Output each line of the data below exactly, omitting any image.
===== Provided data
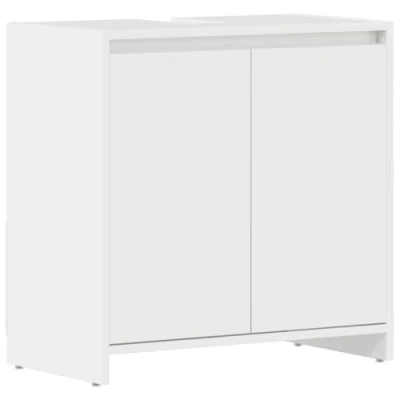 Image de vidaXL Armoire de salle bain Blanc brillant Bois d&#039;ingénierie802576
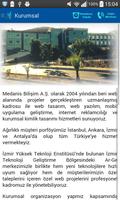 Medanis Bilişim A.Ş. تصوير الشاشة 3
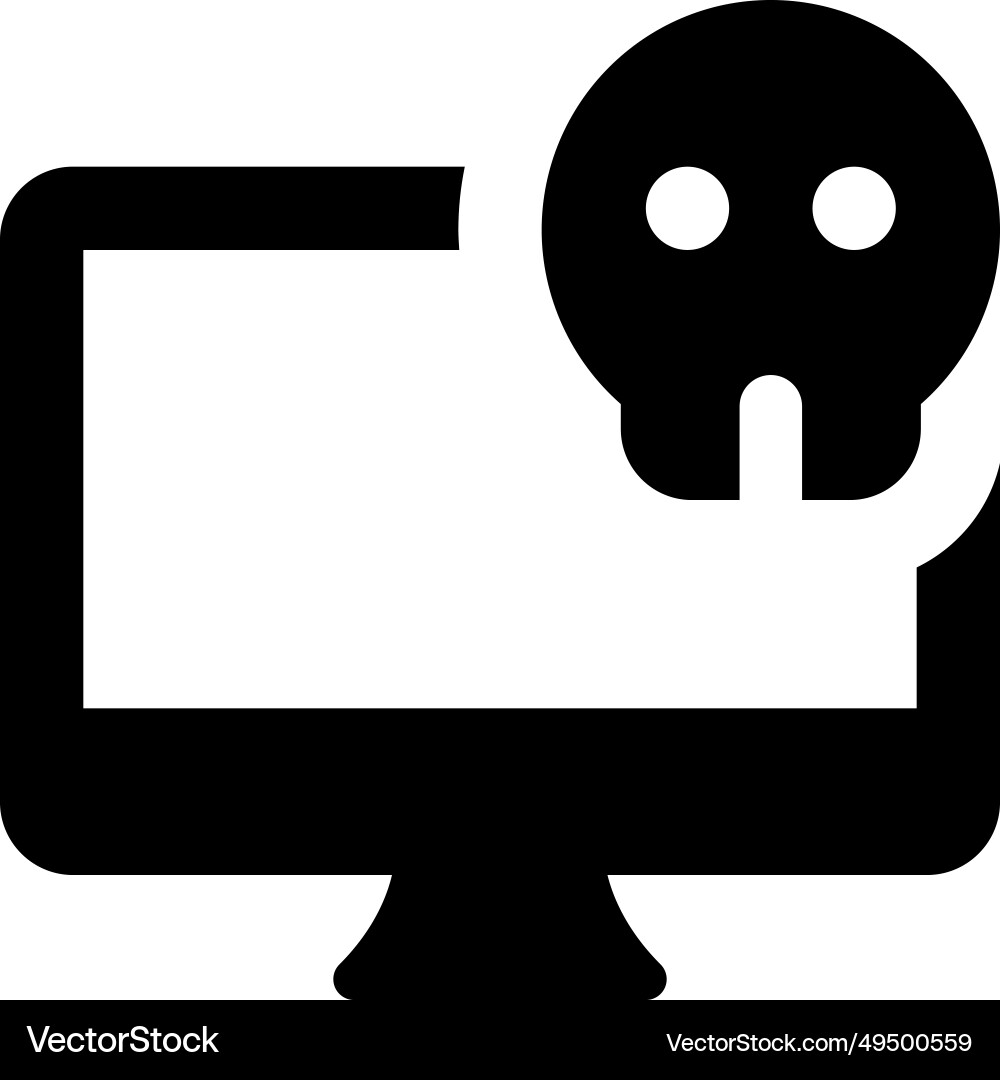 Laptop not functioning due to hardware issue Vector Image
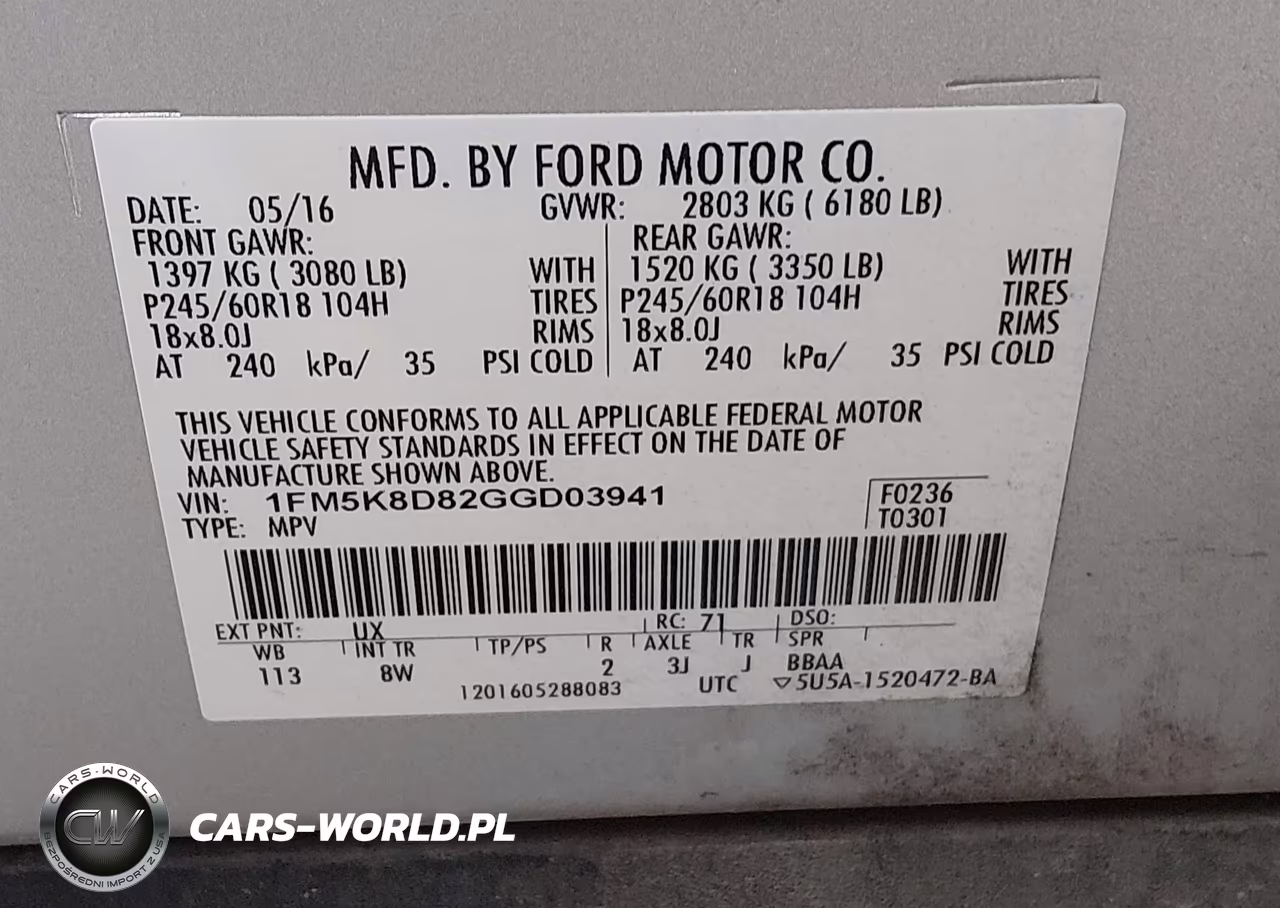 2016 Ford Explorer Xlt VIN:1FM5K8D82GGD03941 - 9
==========
● Output of the exercise
 Image de vidaXL Armoire de salle bain Blanc brillant Bois d&#039;ingénierie802576
 Medanis Bilişim A.Ş. تصوير الشاشة 3
 Laptop not functioning due to hardware issue Vector Image
 2016 Ford Explorer Xlt VIN:1FM5K8D82GGD03941 - 9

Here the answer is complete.